Dynamic Advertising Routes for Public Ranges¶
The goal of this blueprint is to add dynamic routing capability to OpenStack deployment. This feature would allow Neutron to advertise its own routes to an external router using the BGP protocol.
Problem Description¶
This is a new feature and this section will describe use cases where dynamic routing may be useful.
Expose External Networks Dynamically
Allow Neutron to dynamically announce to external uplink routers.
An OpenStack cloud would run a routing protocol (for example, BGP) against at least one router in each uplink network provider. By announcing network prefixes to those peers, the Neutron network would be reachable by the rest of the internet via both paths. If the link to an uplink provider broke, the failure information would propagate to routers further up the stream, keeping the cloud reachable through the remaining healthy link.
Sample Topology
Please note that in this diagram, the red gateway router is actually a linux machine with a software BGP speaker and a software router. This blueprint proposes to configure this BGP speaker through the Neutron API (see below).
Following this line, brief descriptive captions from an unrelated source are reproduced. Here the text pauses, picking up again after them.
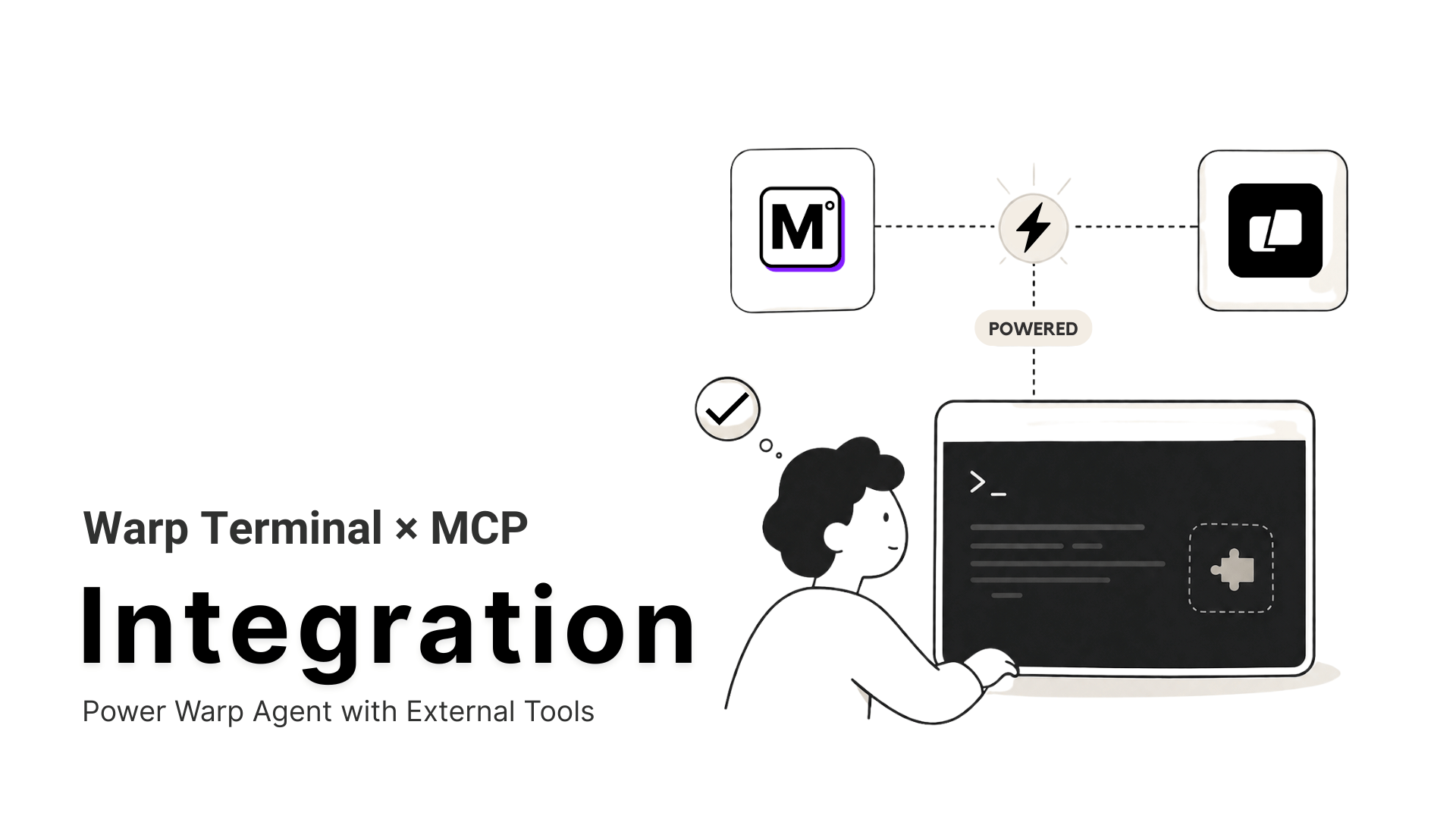 Warp MCP: Add MCP Servers to the Warp Terminal Agent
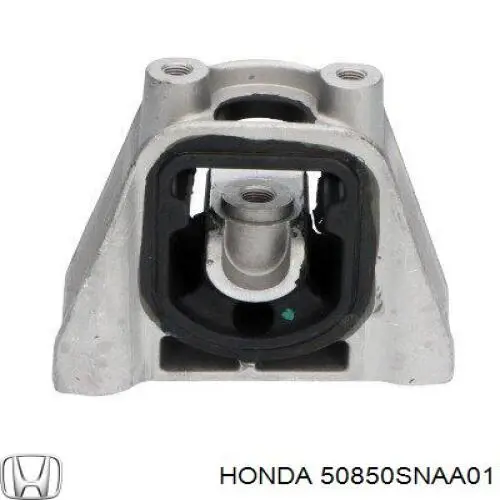 50850SNAA01 Honda подушка (опора двигуна, ліва)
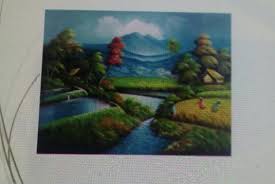 Maybe you would like to learn more about one of these? 2 Ini Adalah Contoh Karya Seni Lukis Kemukakan Menurutpendapatmu Apa Yang Dimaksud Dengan Seni Brainly Co Id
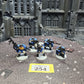 * 5x Scouts with Snipers #254 Space Marines Warhammer 40k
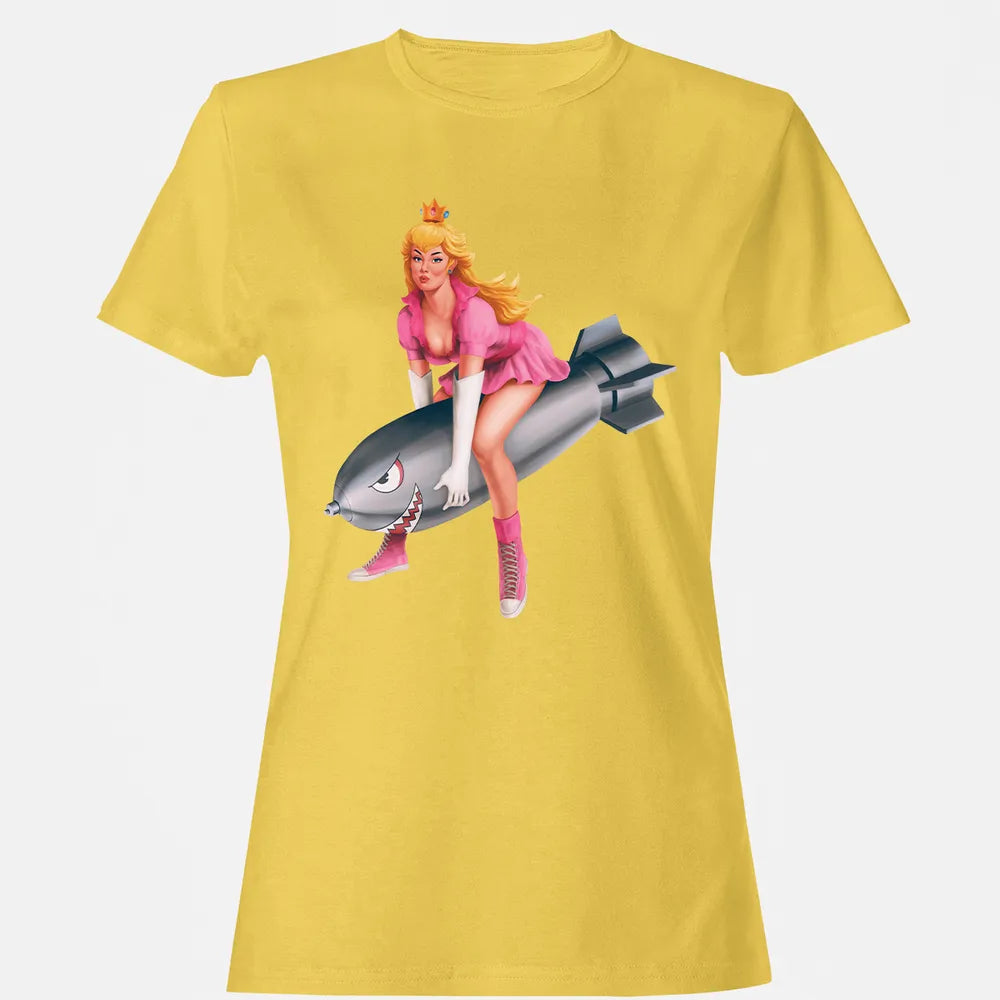 Women's T-shirt - SE922A77
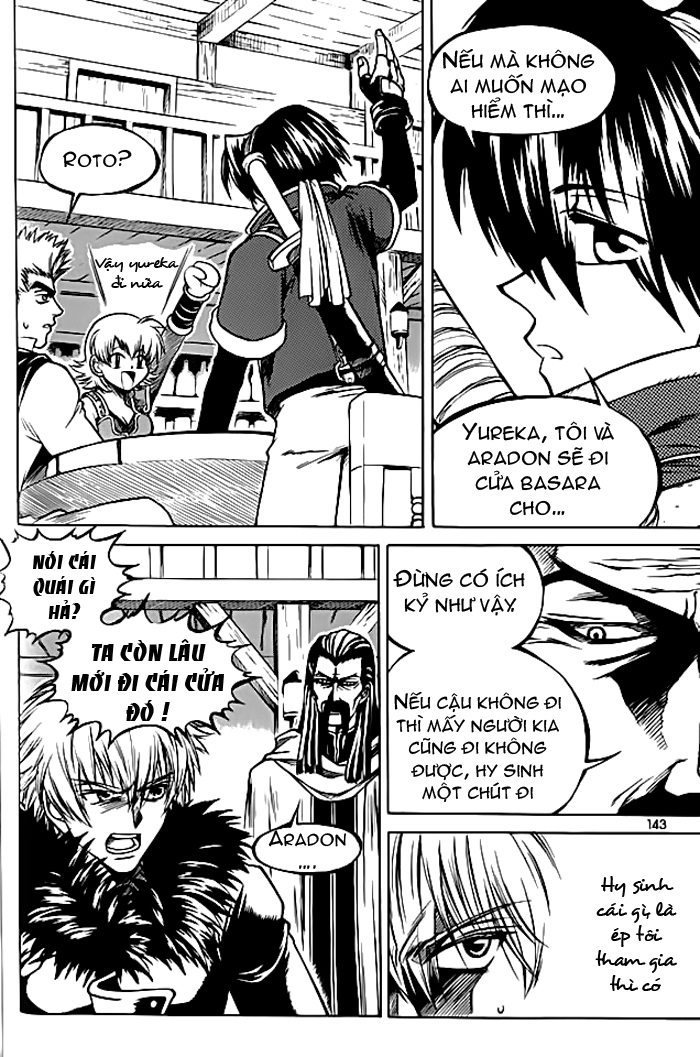 Yureka Lost Saga Chapter 44 - 26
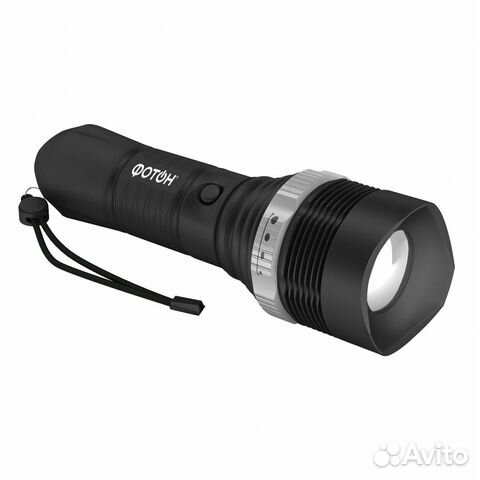 Фонарь фотон мr-4500 светодиодный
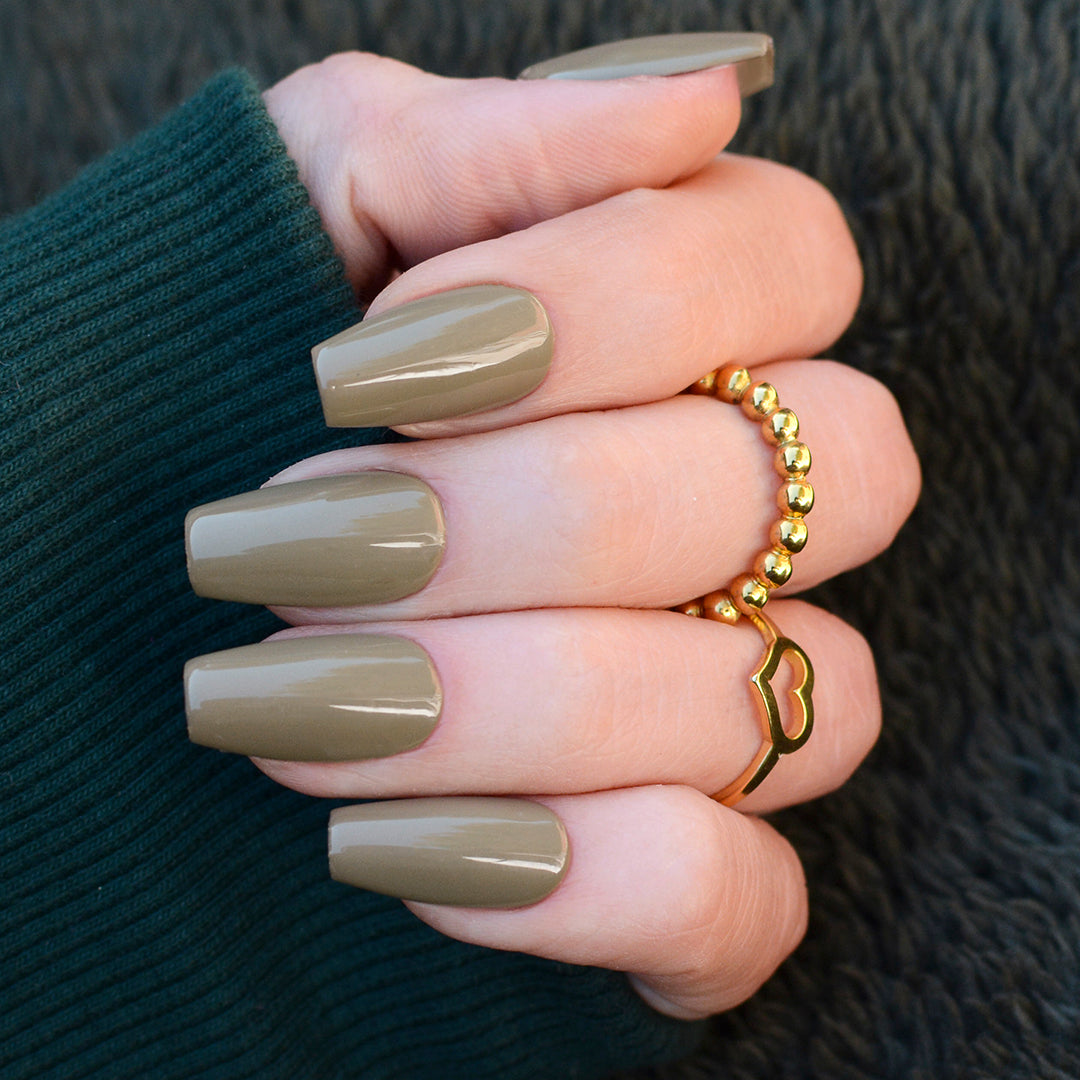 Gel Color - Sage Green - 7ml
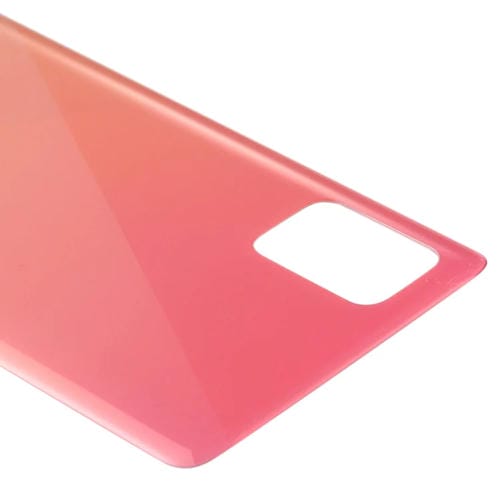 Coperchio Posteriore Batteria Samsung Galaxy A51 (Rosa)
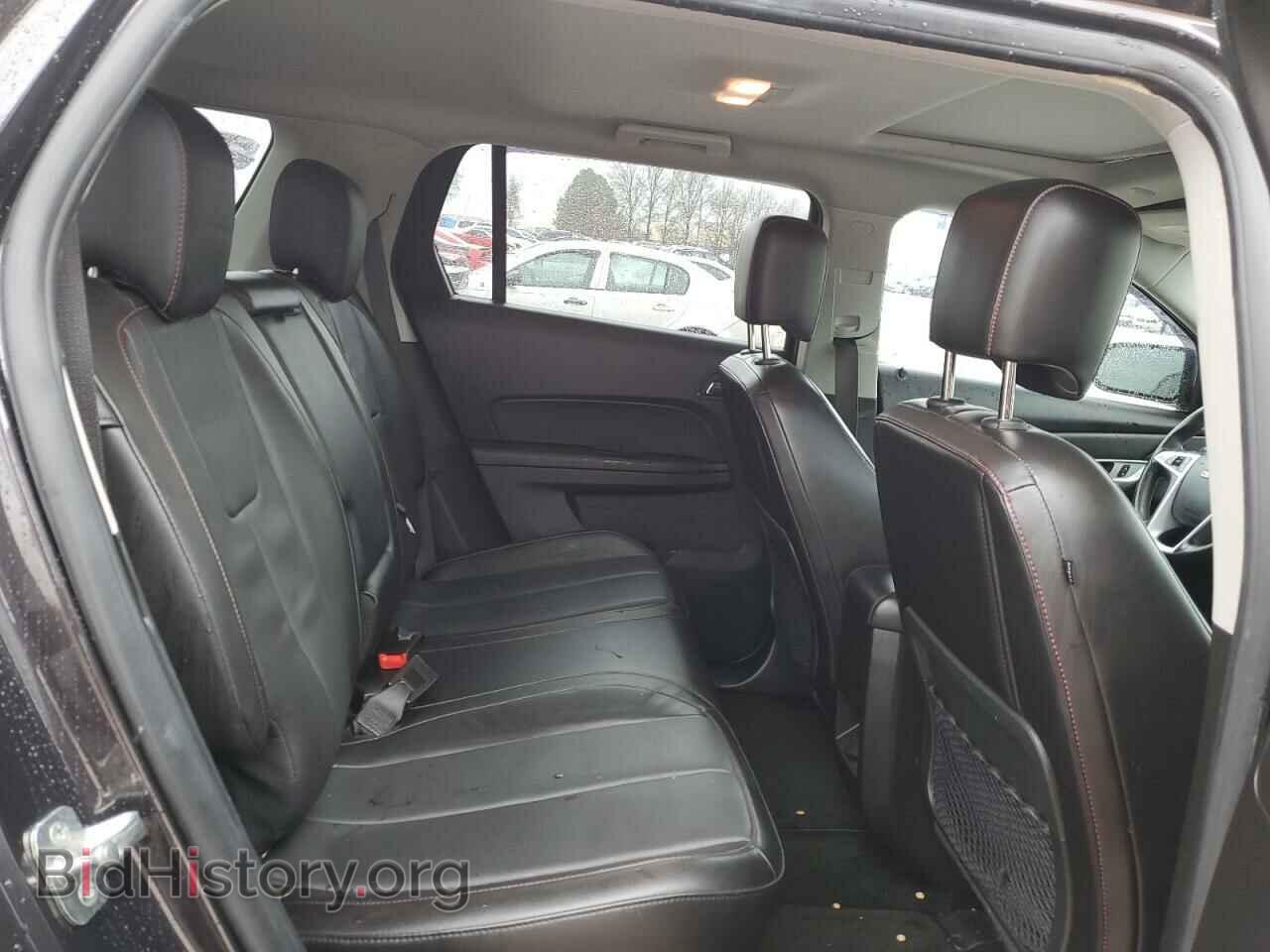 2015 GMC TERRAIN - VIN: 2GKALTEK6F6106612 - Фото 10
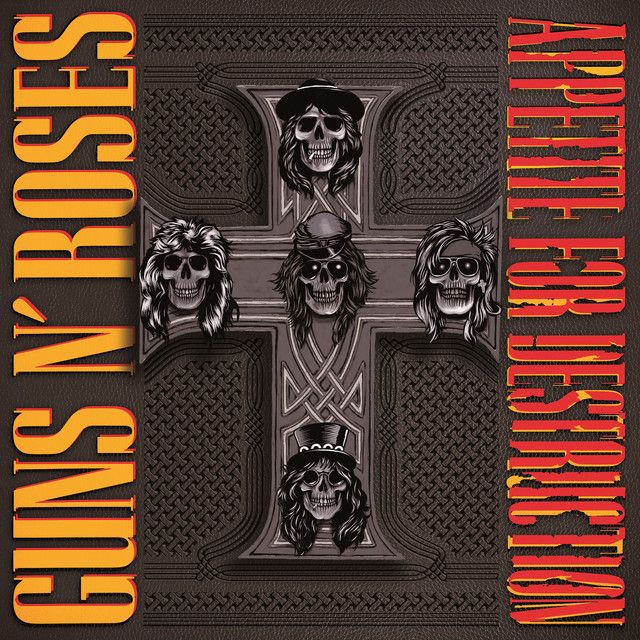Appetite For Destruction (Super Deluxe Edition) اثر Guns N' Roses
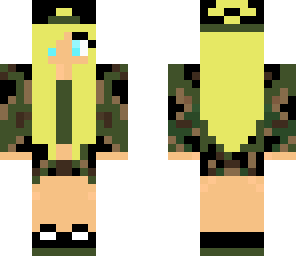 bella camo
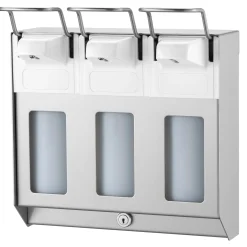 MediQo-line Desinfektion/Seifenspender TRIO KH 500 ml MQTV05E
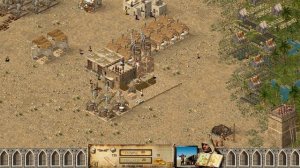 Прохождение Stronghold Crusader - 2. В поход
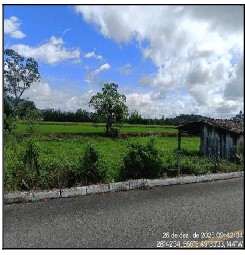 Vende-se em Nova Veneza-SC  Terreno, 390.80 de área do terreno.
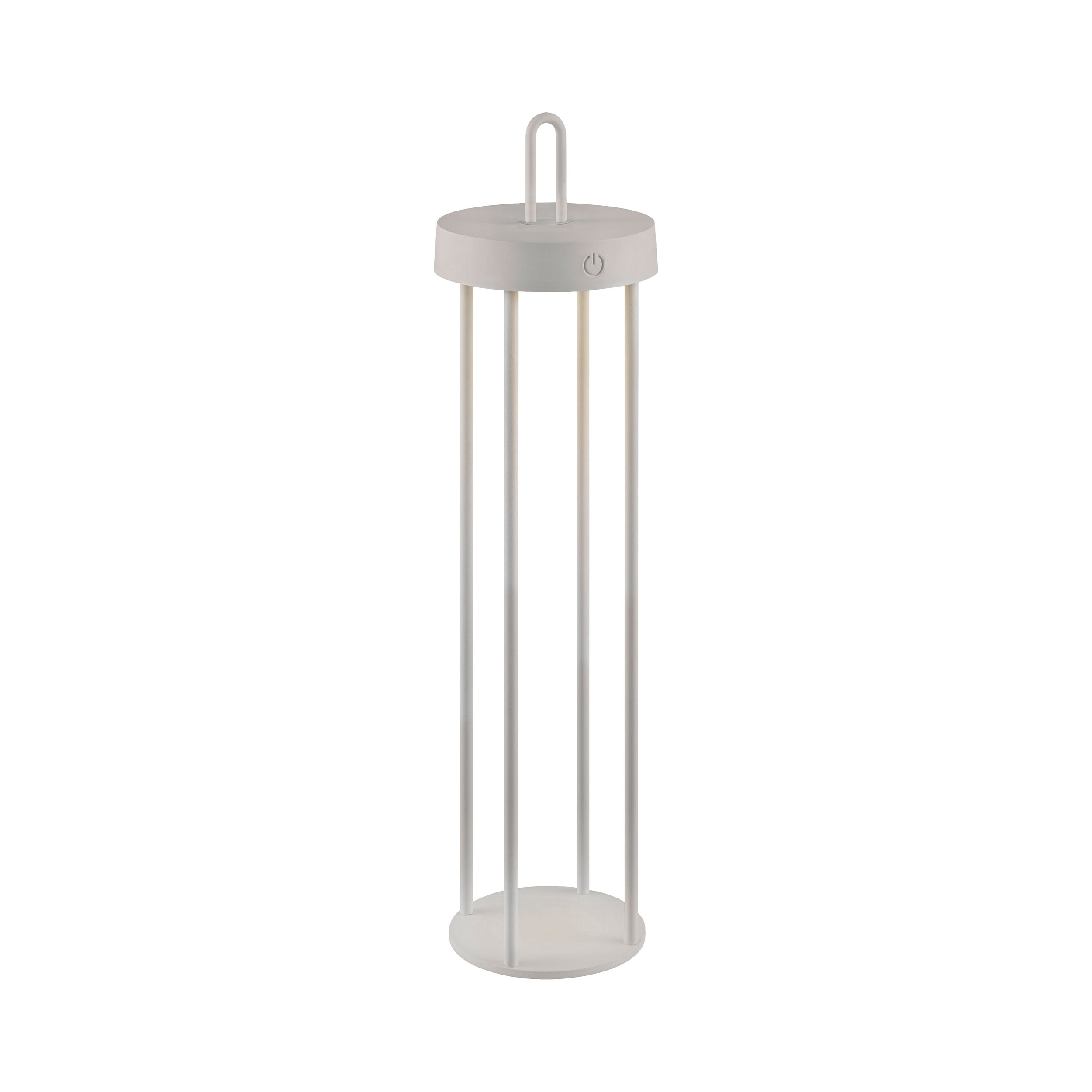 JUST LIGHT.LED-Akku-Tischleuchte 1flg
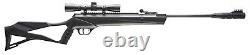 Umarex SurgeMax Elite. 22? Al Combo Air Rifle with Pellets and Targets Bundle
This also would be a valid scenario for an internal cloud, where the uplink router is actually one’s provider router and the routes are advertised using iBGP.
Routed Model for Floating IPs on External Network
This use case will allow an external network with a large public IP space to possibly span more than one L2 network. This could allow for improved scale and isolation between AZs while maintaining the appearance of a large external network where floating IPs and networks can float freely.
This use case may also include announcing public networks behind Neutron routers to an upstream router. For example, this will be useful for IPv6 networks when using the subnet-allocation mechanism to allocate routable IPv6 prefixes to tenant networks. It does not require learning routes from the upstream router.
Address Scopes blueprint adds a new L3 context to make public routable tenant networks (among other advantages). Address Scopes may leverage this development to advertise the new routable subnets to uplink routers.
Sample Topology
The topology of this use case can be seen as a generalization of the previous one, with a multi-homed OpenStack installation and leverage the fact that a floating IP can be seen as a /32 network.
Proposed Change¶
Overview¶
A new system that dynamically advertises routes to other peers outside the OpenStack deployment is proposed. From the Neutron API, cloud administrator should be able to define these peers as well as the way to interact with them.
Routing Peer¶
A system that supports dynamic routing must be able to advertise its own routes to its peers. It order to achieve this goal the system must know the list of its peers and be able to trust the information that it receives from them.
Route Advertisement¶
Routes added manually by administrator will be advertised to external dynamic routing peers.
Dynamic Routing System¶
In default implementation a new system will be used to manage dynamic routing information at the edge of OpenStack deployment. Dynamic peering will not be performed by each individual Neutron router due to scaling concerns. Such an approach could create an inordinately high number of peering relationships. Instead, the model proposed sets up a speaker to represent the Neutron deployment as a whole to external routers.
This system will allow different implementations (develop your own BGP speaker implementation, for instance) to fit into third party requirements.
IPv6 Impact¶
The implementation must be able to exchange IPv4 and IPv6 routes. This blueprint may be even more important with IPv6 to complete routing from outside the cloud to tenant networks running IPv6.
Solution Proposed¶
Reference implementation will employ a dynamic routing agent (dr_agent
).
This agent will have direct connectivity with configured peers and it will be
responsible to update the dynamic routes of some defined routers. Another spec
will be filled to define the details of this implementation.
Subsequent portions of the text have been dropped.